4- Perante esse tipo de evidências, entendo eu que em época de tão inquinada globalização neoliberal, ao assumir-se a advocacia dos povos do sul e tendo em conta o longo percurso do movimento de libertação nos dois lados do Atlântico Sul, essa ambiguidade cosmopolita deve ser colocado sob a mira de nossos olhos, por que pela sua natureza não deixa de ser a continuidade dum plasmado processo de há vários séculos a esta parte, desde quando sob o cândido rótulo da dilatação da fé e do império, afinal de facto se enveredava, em nome da “ocidental civilização” e em África, por uma cultura escravocrata e colonial, cujas consequências em muitas regiões, em especial onde a situação insular além do mais implica isolamento físico e geográfico, se fazem ainda sentir penosamente em múltiplos e traumáticos rescaldos até aos nossos dias.

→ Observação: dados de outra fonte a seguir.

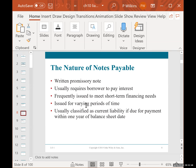Notes payable and accounts payable differ in a key way. With accounts payable, say you're a bread maker who needs flour — you'd go to the flour mill, open an account, get approved, and then buy flour as needed. You'd pay your bill, buy more flour, and as long as you stayed within your credit limit and paid on time, you could continue purchasing.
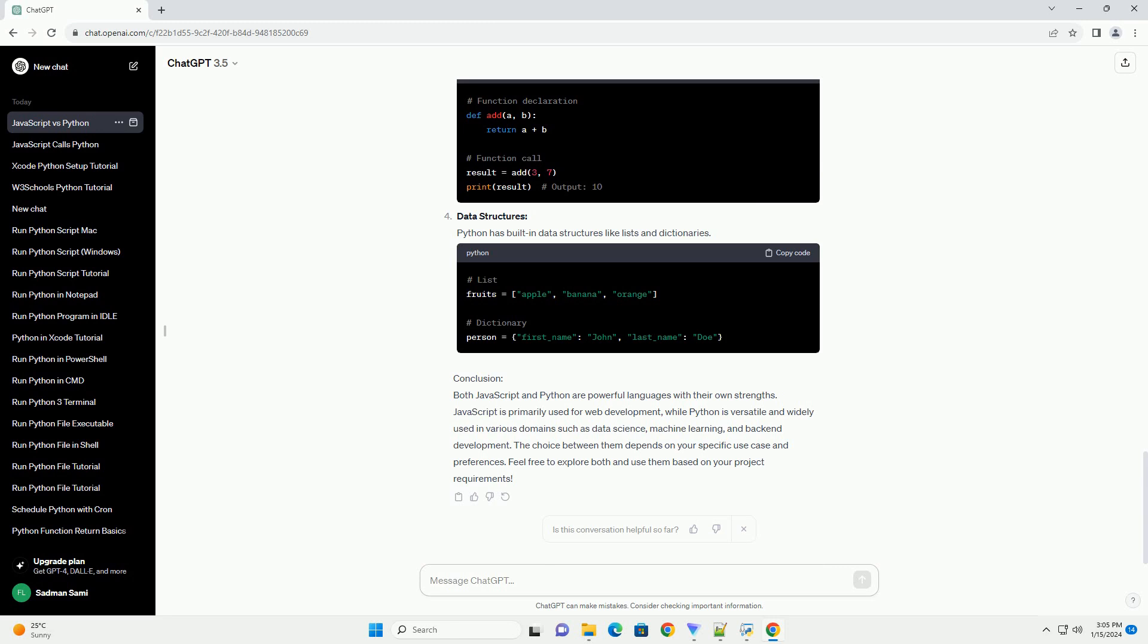Introduction: Python is a versatile and beginner-friendly programming language known for its readability and simplicity. In this tutorial, we will cover the basics of Python, including variables, data types, control structures, functions, and data structures like lists and dictionaries. Variables and Data Types: Python is dynamically typed, meaning you don't need to declare variable types explicitly.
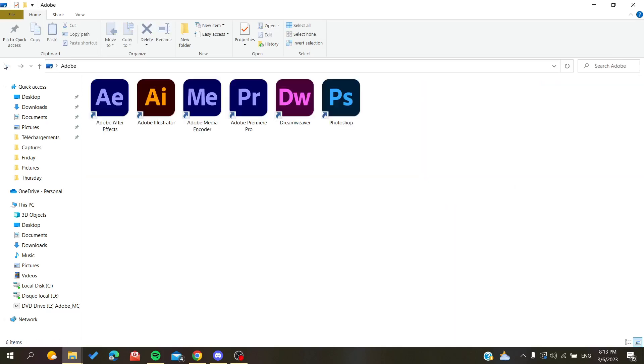Hello guys and welcome to a new brand video. Today I'm going to show you how to run your Adobe Dreamweaver.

É evidente que o “deus do mercado neoliberal” se preocupa, evocando a malabarística perfídia do “Fim da história”conforme Francis Fukuyama, não só em apagar todas pistas que puder, mas também na lavagem cerebral das multidões contemporâneas, em função dos interesses e conveniências da aristocracia financeira mundial e de suas agenciadas oligarquias e elites.

A legítima afirmação histórica e antropológica a que nos obriga o sul, não pode deixar passar em branco a lástima em relação àqueles que, investidos de poder representativo, em nome da democracia, não podem resistir à erosão, quando há dois pesos e duas medidas, ou seja tanta disparidade e incongruência entre suas próprias palavras e os seus actos!